Natural options can be used to address CFS symptoms. Here are some of them.

  • Valerian – Valerian helps with getting a good night's sleep, which helps fight fatigue. For CFS patients, take 600-900 milligrams (mg) of valerian extract standardized to 0.4 percent valerinic acids an hour before bed for at least two months.
  • Leafy greens and green supplements – Powdered greens, such as wheat or barley grass, and green vegetables, such as spinach, all contain antioxidants that support the immune system and protect against oxidative damage. Oxidative damage often contributes to muscle pain in CFS patients. Take one to three tablets a day or mix 5 mg of powdered greens into juice or a shake and drink for at least three months.
  • Licorice – Licorice extract can boost energy levels and contains anti-inflammatory compounds that provide relief from body pain caused by CFS. Take 500 mg two to three times a day.
  • Ginkgo – One of the symptoms of CFS is reduced memory and concentration. Ginkgo may improve concentration and alertness by boosting blood flow to the brain. As an antioxidant, ginkgo may also help protect muscles from oxidative damage. Take 80-120 mg twice a day of a product standardized to 24 percent flavonoids and 6 to 7 percent terpene lactones.
  • Coenzyme Q10 – CoQ10 is an antioxidant that boosts immunity and energy and relieves muscle pain. Take 100 mg daily or 60 mg twice a day.
  • Essential fatty acids – Low levels of essential fatty acids contribute to inflammation, which causes body pain.
  • Melatonin – Studies have highlighted melatonin's efficacy in improving sleep-wake cycles and energy levels in shift workers and people with jet lag. Take 1 to 3 mg of melatonin an hour before bed in lieu of or in addition to valerian for a good night's sleep.

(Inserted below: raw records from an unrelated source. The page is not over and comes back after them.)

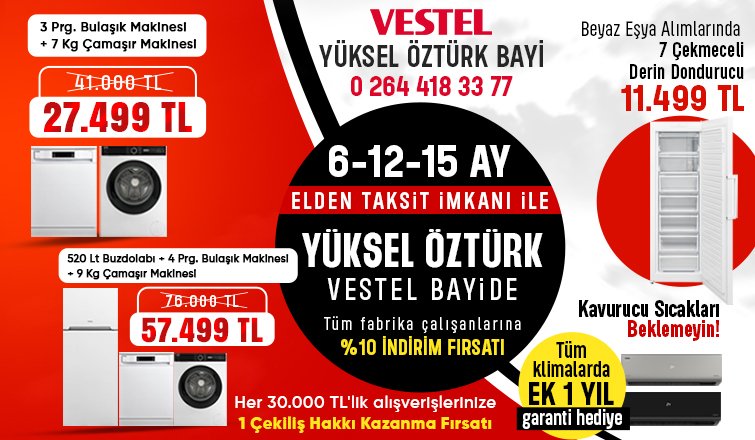 Vestel Yüksel Öztürk Bayi’den Kaçırılmayacak Beyaz Eşya Fırsatları!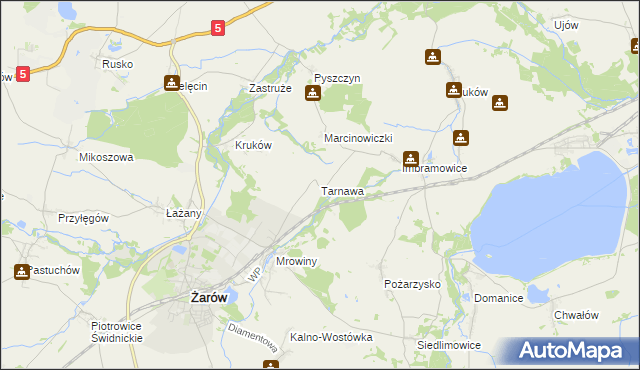 mapa Tarnawa gmina Żarów, Tarnawa gmina Żarów na mapie Targeo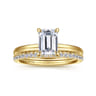 Azura - 14K Yellow Gold Emerald Cut Solitaire Diamond Engagement Ring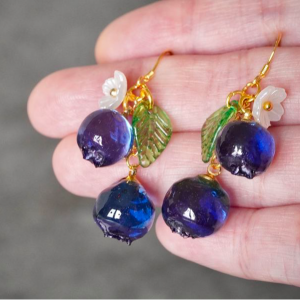 Summer Fruit Blueberry Earrings in 925 Silver - Stylish & Elegant Design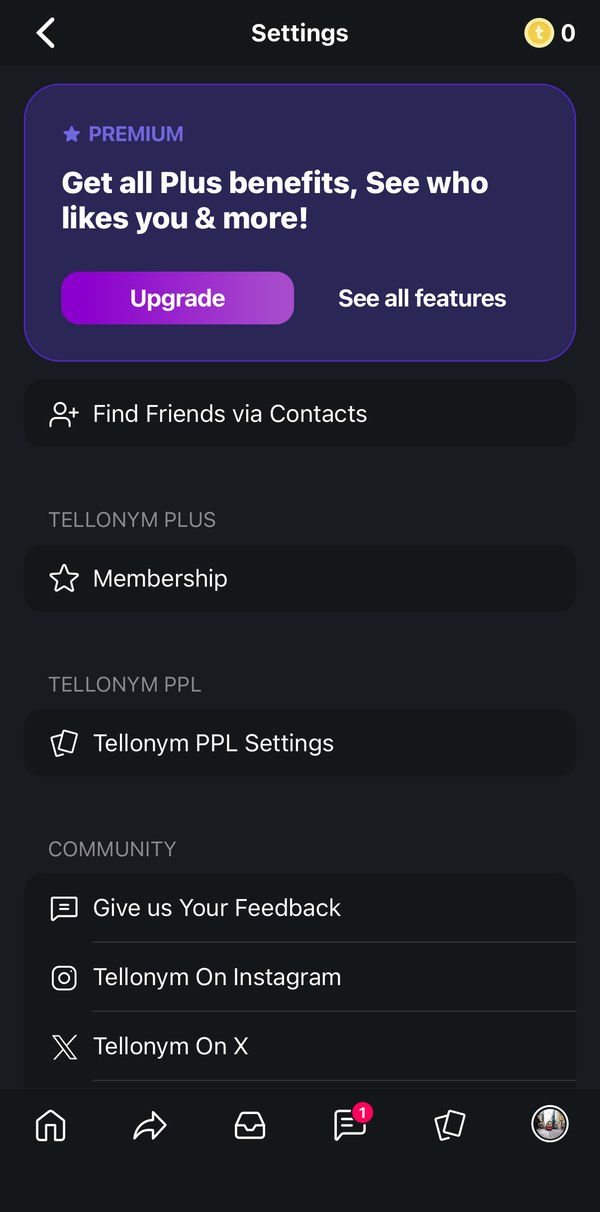 Settings screen, Graphite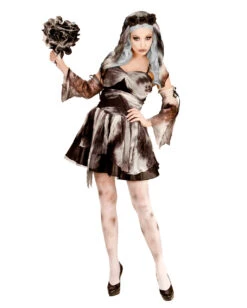Totenbraut Kostüm Mit Schleier -Halloween Kostüme Geschäft zombie braut kostuem mit schleier zombie bride costume with veil halloween kostuem 38642 01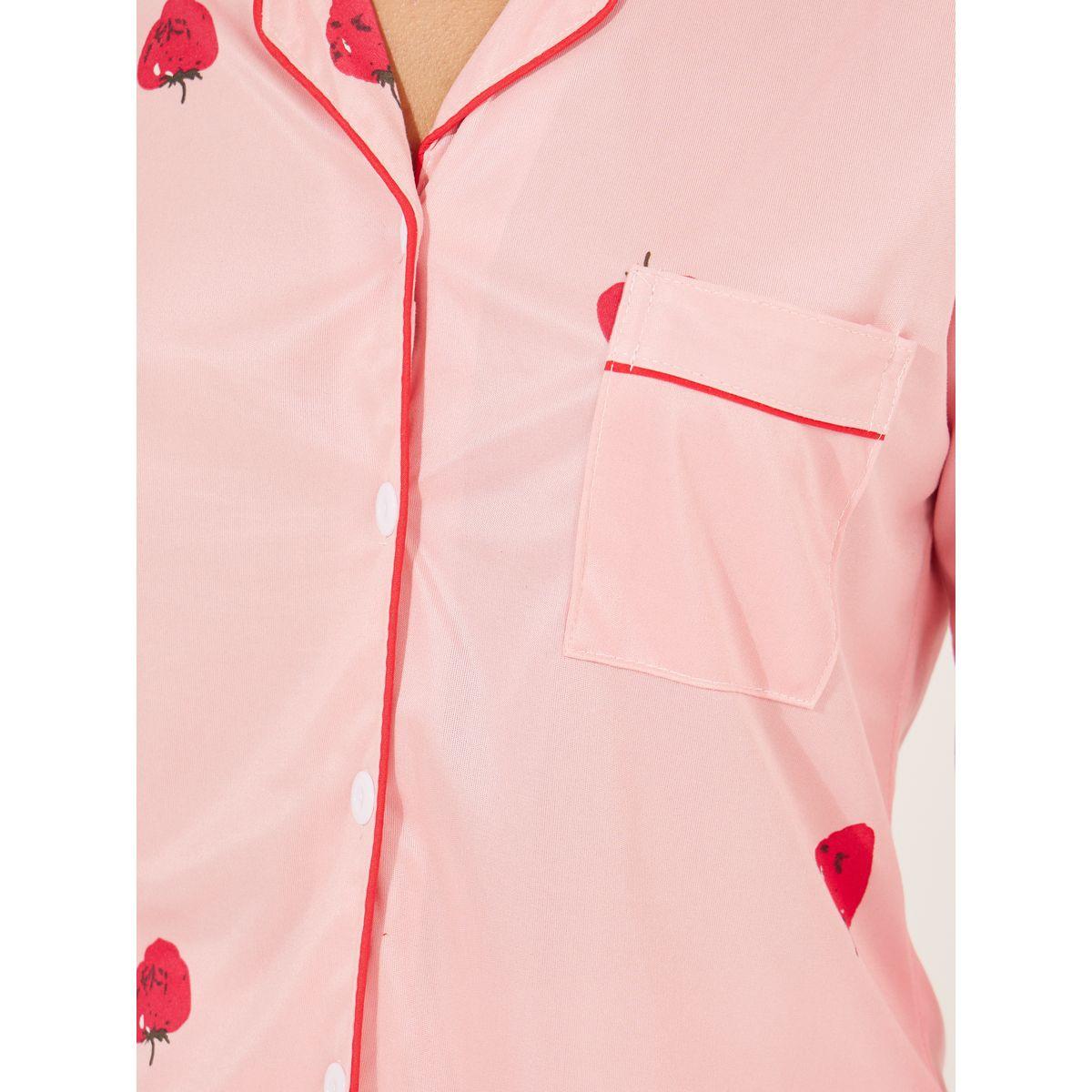 طقم من بنطال بيجاما مع بلوزة بتفاصيل جيب-women-clothing-nightwear-pyjamas-longsets-image-3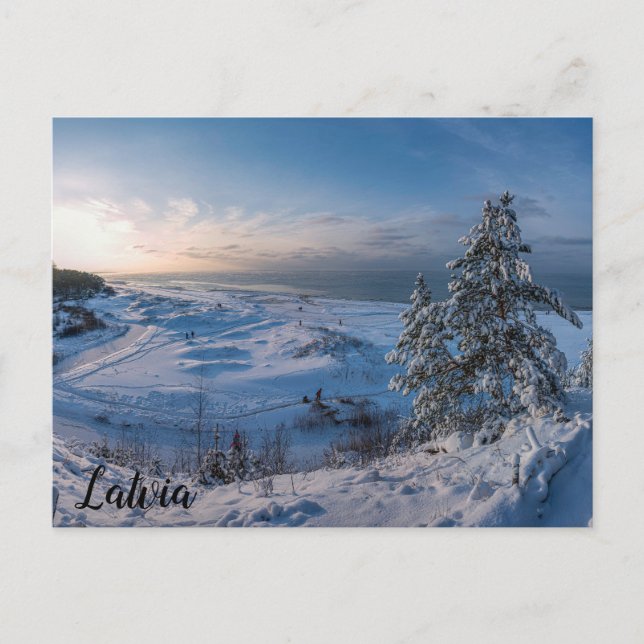 Postal Invierno de nieve Costa del Mar Báltico (Anverso)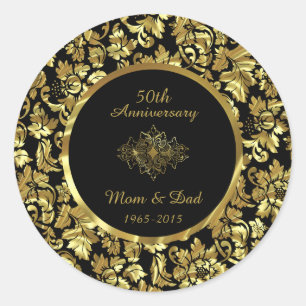 Elegant Black & Gold 50th Wedding Anniversary Classic Round Sticker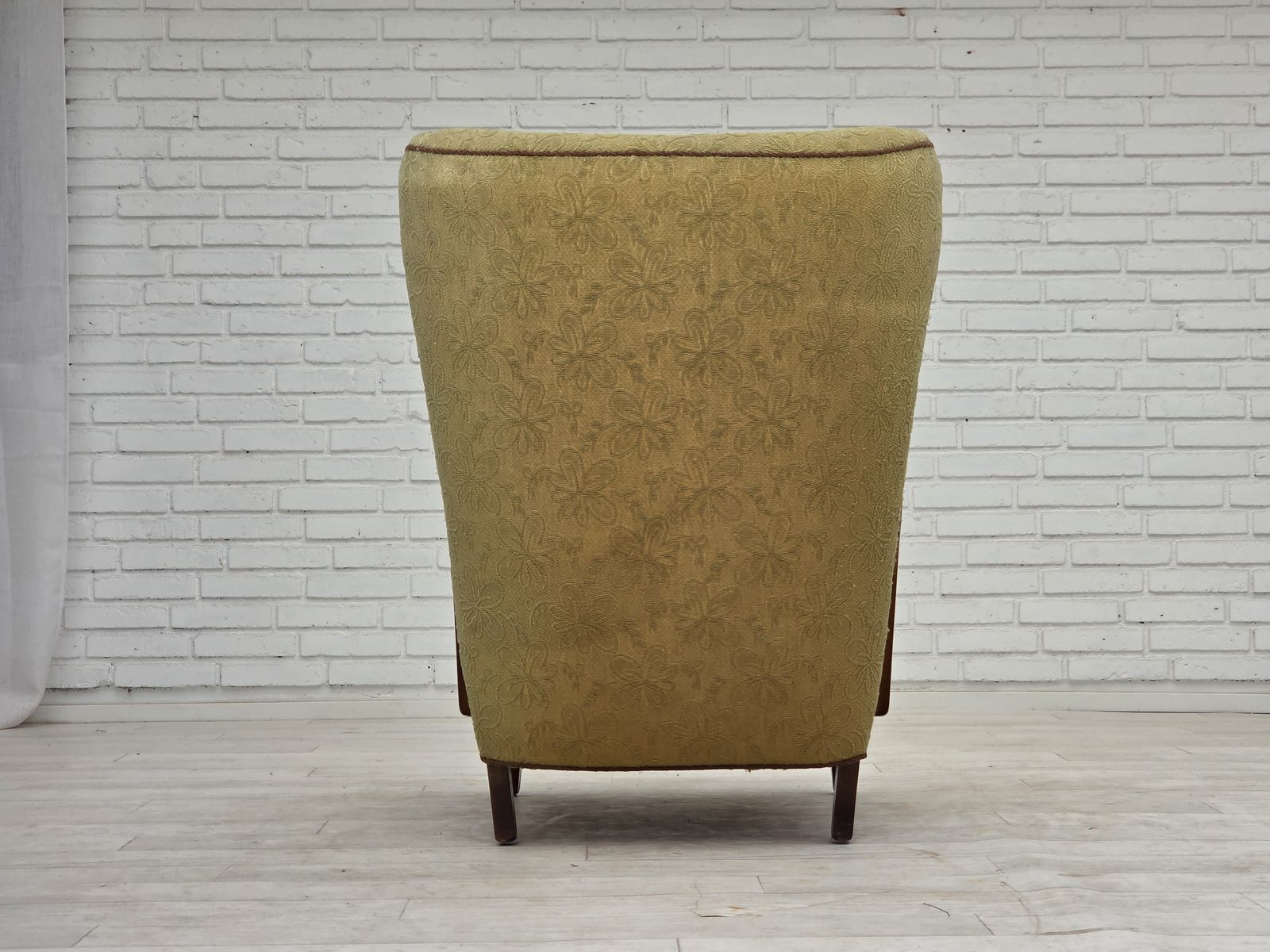 photo vinterior 1960s, Danish Armchair, Light Green Furniture Velour, Beech Wood.
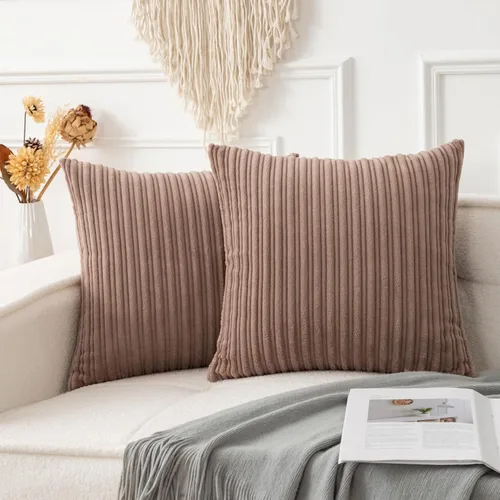 Vista 37 de UGASA - Juego de 2 fundas de almohada de terciopelo a rayas, funda decorativa para cojín con cremallera oculta para el hogar, sofá, dormitorio
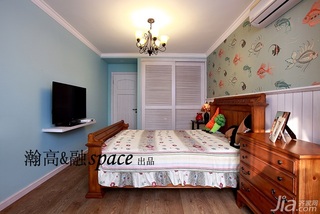 美式乡村风格二居室浪漫豪华型卧室卧室背景墙床图片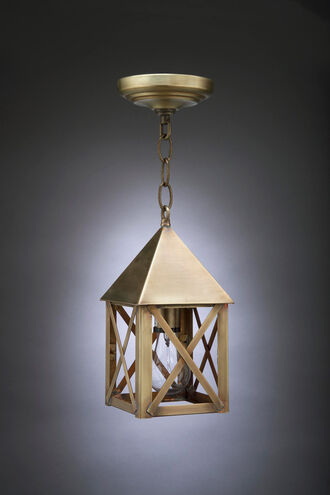 York 1 Light 5 inch Antique Brass Outdoor Ceiling Light in Clear Glass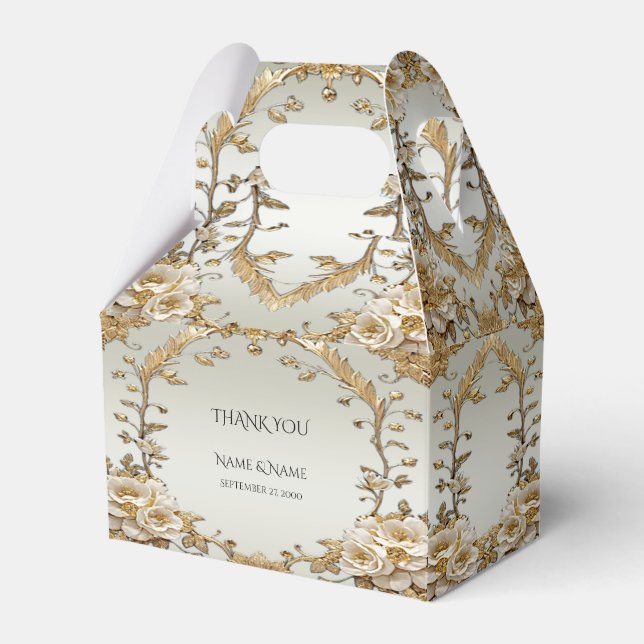 Favoritruta för Golden Ornate Flowers Presentaskar (Framsidan Sidan)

Note that treatments can only do so much. You need to help it along by making healthy lifestyle changes, such as adhering to a nutritious diet, keeping your body active with mild- to moderate-intensity exercise, and keeping your body clean by avoiding alcohol and smoking. (Related: Detoxify the body and eliminate chronic fatigue naturally.)

To help with CFS-induced insomnia, limit or eliminate caffeine from your diet so you can sleep better. Also, create a sleep routine and do your best to stick to it.